Repeat the listing exactly as given, omitting every image.
::::
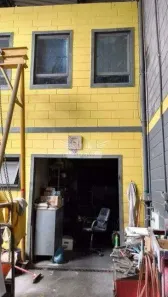 Galpão/Depósito/Armazém à venda, 150m² no Taboão, São Bernardo do Campo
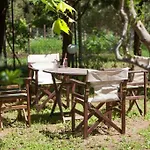 Wonderful Villa With Huge Yard, At Potamos Beach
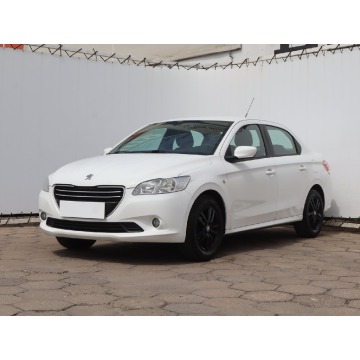 Peugeot 301  Liftback 2015,  1.2 benzyna - Na sprzedaż za 15 499 zł - Łódź - zdjęcie 3
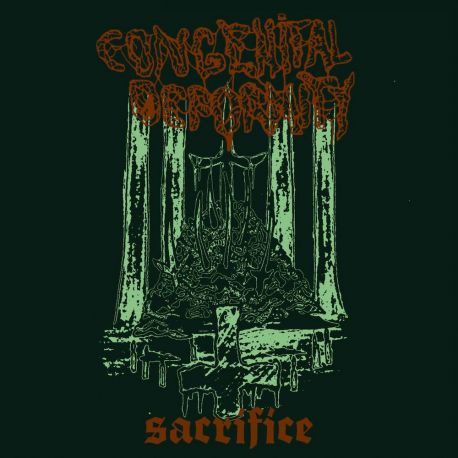 Congenital Deformity "Sacrifice" (MCD)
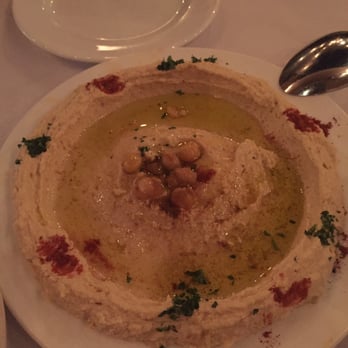 Cafe Santorini - Hummus - Italian Near Me - Pasadena, California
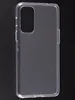 Силиконовый чехол Clear для OnePlus Nord 2 прозрачный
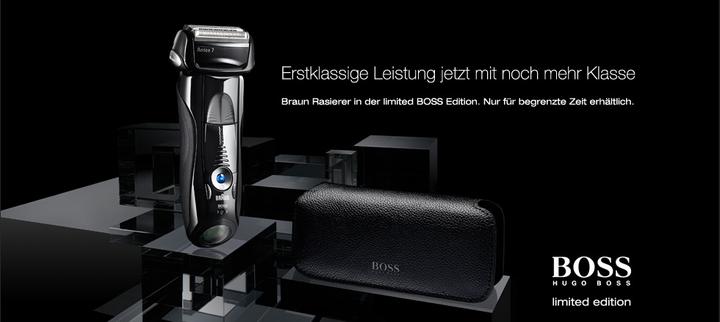 Produktbild Braun Series 7 - 790cc Hugo Boss Edition
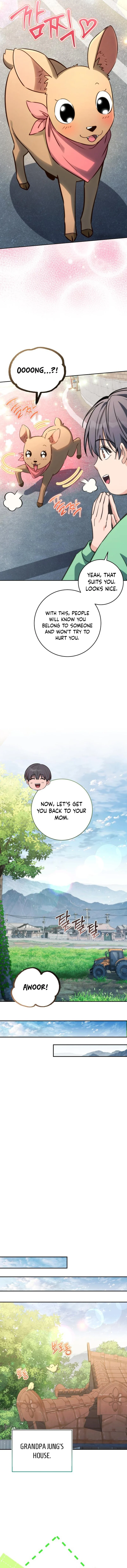 Healing With Deulbi Chapter 6 page 8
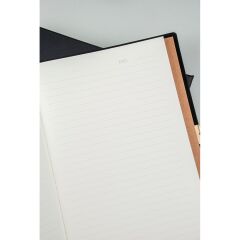 PREMIUM DEFTER TOLEDO A5 SIYAH+TUKENMEZ MAT SIYAH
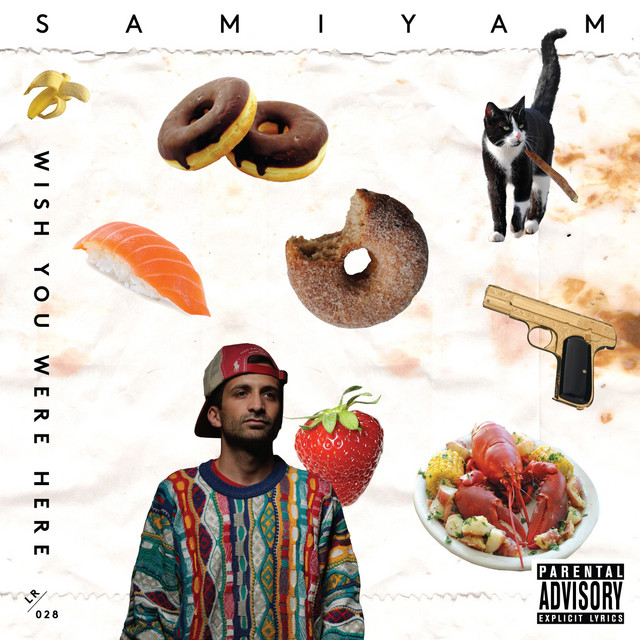 Wish You Were Here album cover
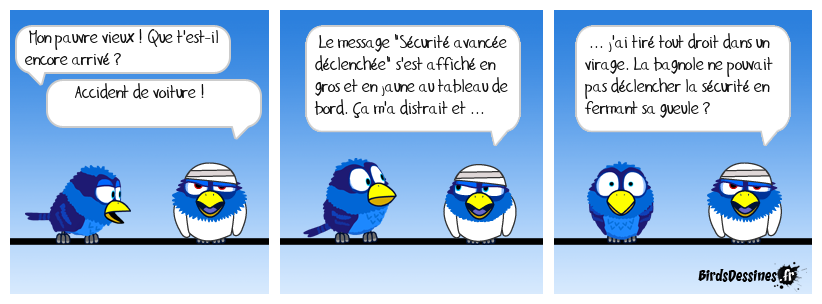 Est-ce qu'ils conduisent les voitures qu'ils conçoivent ? 🤬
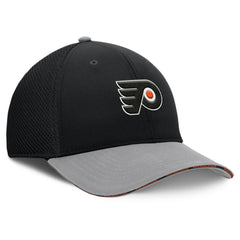 Philadelphia Flyers Fanatics Fundamentals Span Flex Hat - Black | Fanatics Clearance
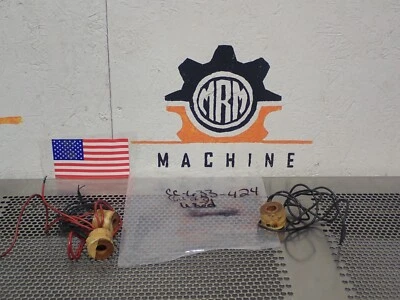 Skinner CC-633-F24 Coils Used With Warranty (Lot of 3) - Image 1 of 4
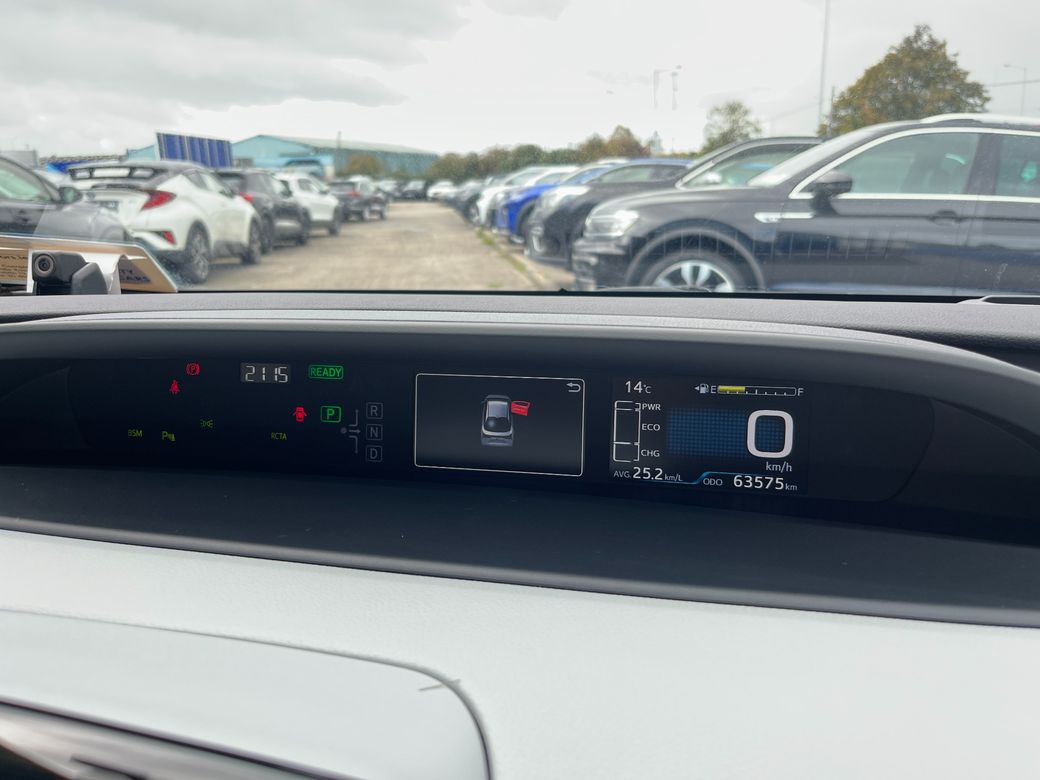 2019 Toyota Prius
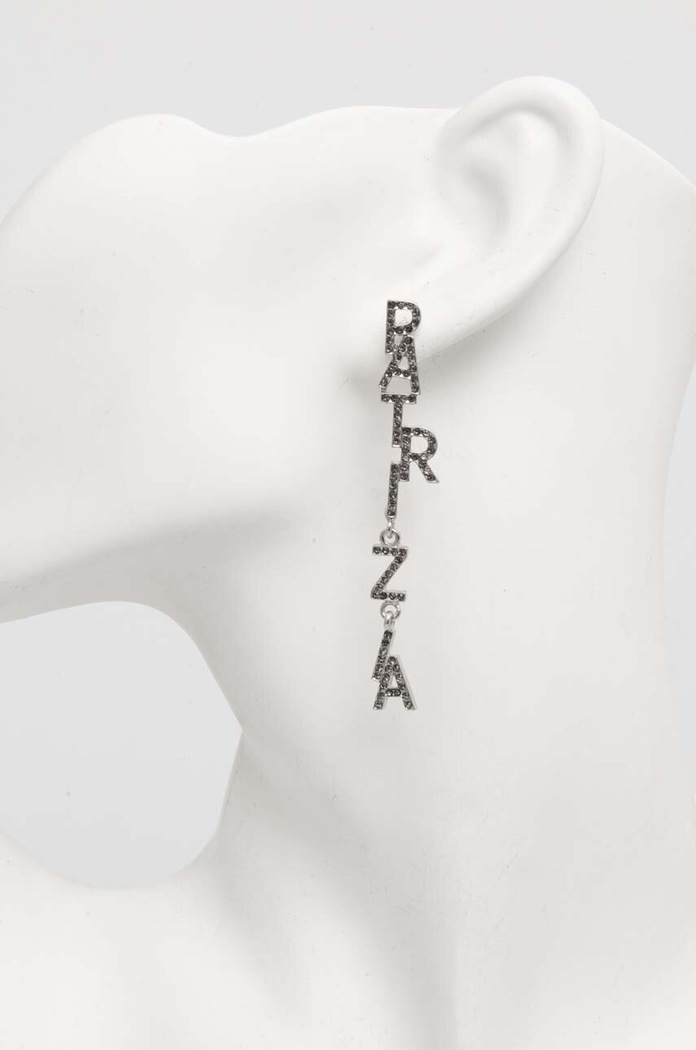 Patrizia Pepe kolczyki 8JA027.M009 srebrny SS25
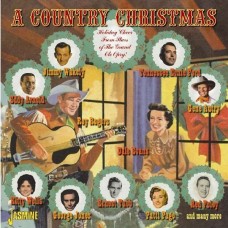 V/A-A COUNTRY CHRISTMAS (2CD)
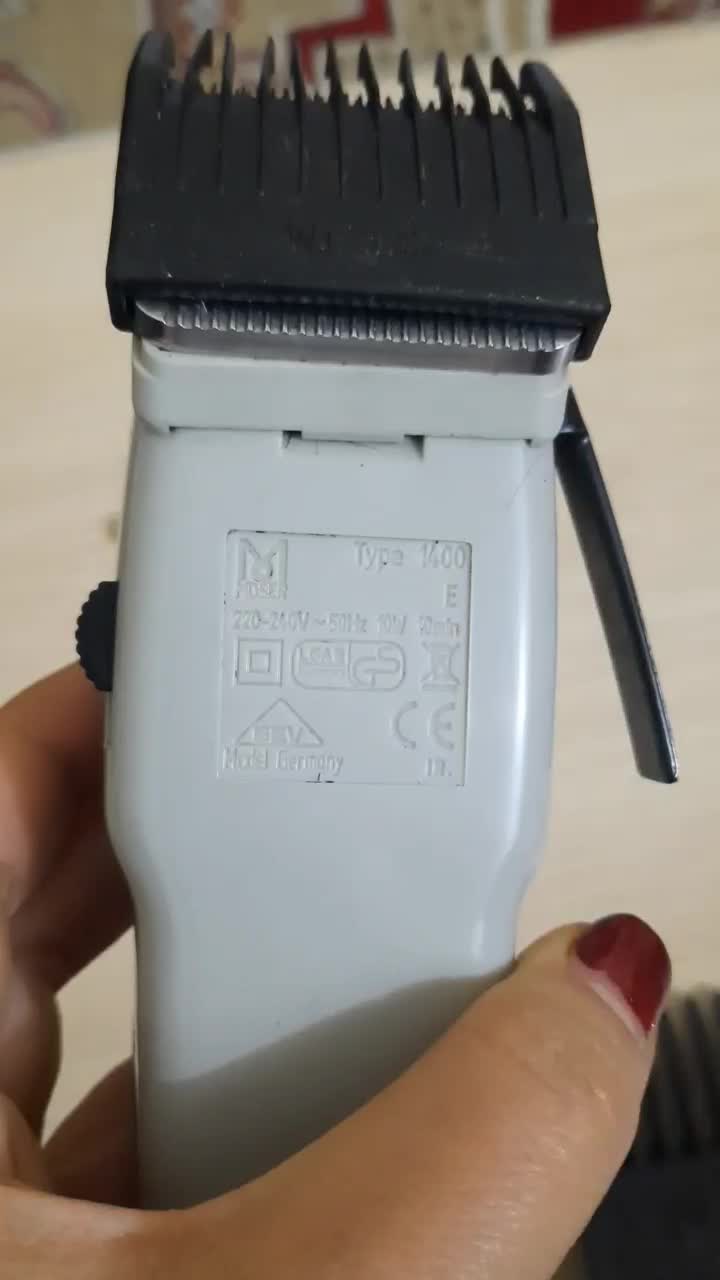 ریش تراش موزر آلمانی|آرایشی، بهداشتی، درمانی|دهدشت, |دیوار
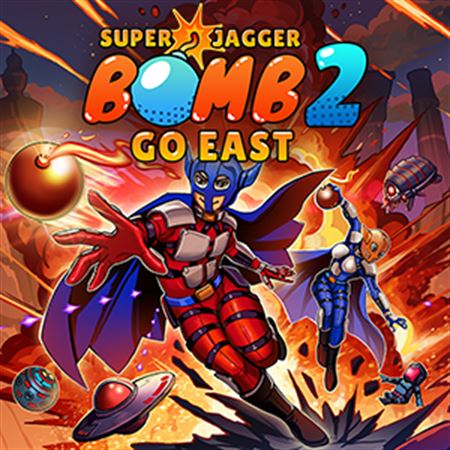 Super Jagger Bomb 2 Go East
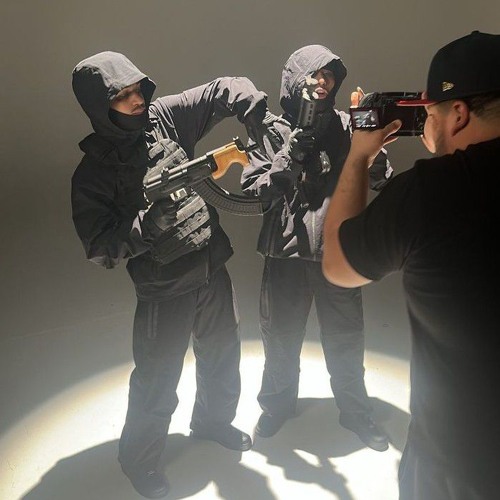 MOB TIES - Pressure 9x19 X Sombra Pr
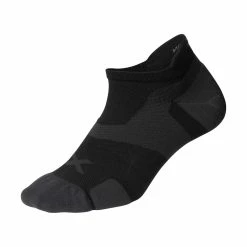 2XU | Unisex VECTR CUSHION No Show Sock
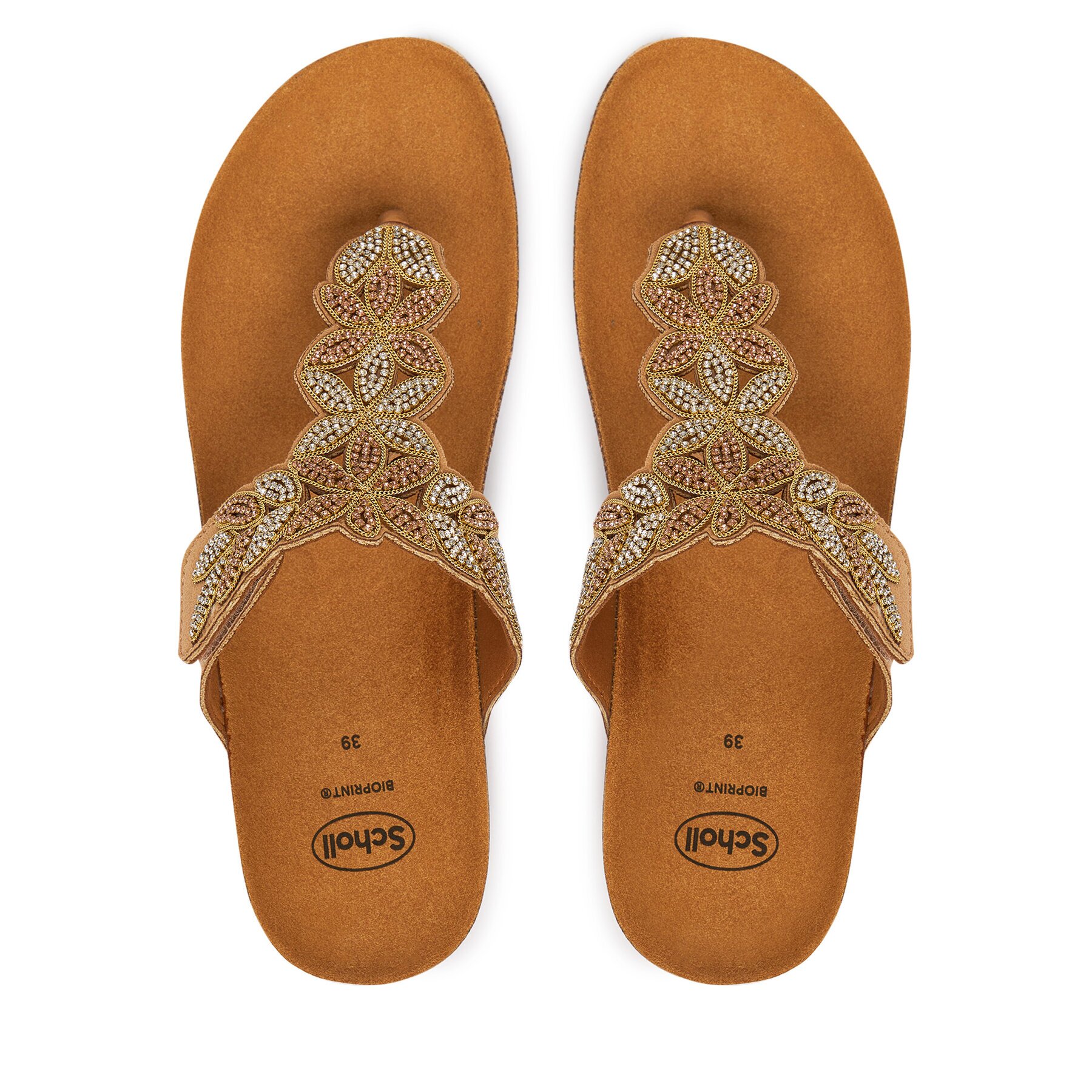 Scholl Джапанки Otranto Flip-Flop MF00695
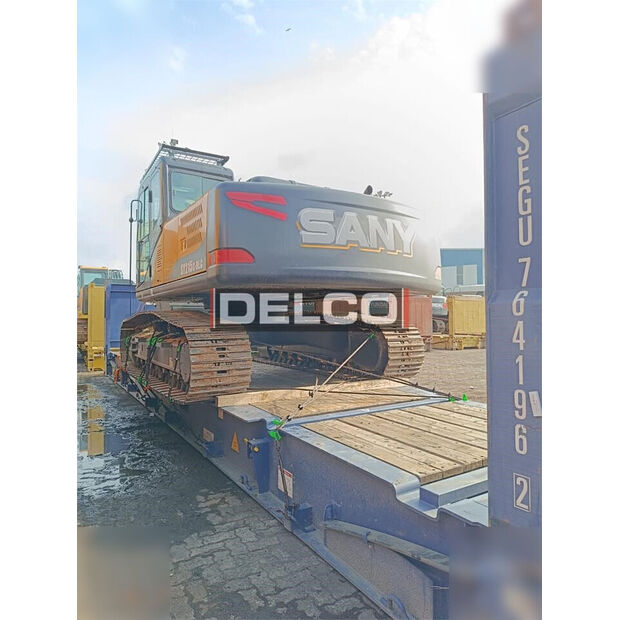 2025 SANY SY215C-9LC-44713237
::::
Exercise output:
 Galpão/Depósito/Armazém à venda, 150m² no Taboão, São Bernardo do Campo
 Wonderful Villa With Huge Yard, At Potamos Beach
 Peugeot 301  Liftback 2015,  1.2 benzyna - Na sprzedaż za 15 499 zł - Łódź - zdjęcie 3
 Congenital Deformity "Sacrifice" (MCD)
 Cafe Santorini - Hummus - Italian Near Me - Pasadena, California
 Силиконовый чехол Clear для OnePlus Nord 2 прозрачный
 Produktbild Braun Series 7 - 790cc Hugo Boss Edition
 Healing With Deulbi Chapter 6 page 8
 PREMIUM DEFTER TOLEDO A5 SIYAH+TUKENMEZ MAT SIYAH
 Wish You Were Here album cover
 Est-ce qu'ils conduisent les voitures qu'ils conçoivent ? 🤬
 Philadelphia Flyers Fanatics Fundamentals Span Flex Hat - Black | Fanatics Clearance
 Skinner CC-633-F24 Coils Used With Warranty (Lot of 3) - Image 1 of 4
 2019 Toyota Prius
 Patrizia Pepe kolczyki 8JA027.M009 srebrny SS25
 V/A-A COUNTRY CHRISTMAS (2CD)
 ریش تراش موزر آلمانی|آرایشی، بهداشتی، درمانی|دهدشت, |دیوار
 Super Jagger Bomb 2 Go East
 MOB TIES - Pressure 9x19 X Sombra Pr
 2XU | Unisex VECTR CUSHION No Show Sock
 Scholl Джапанки Otranto Flip-Flop MF00695
 2025 SANY SY215C-9LC-44713237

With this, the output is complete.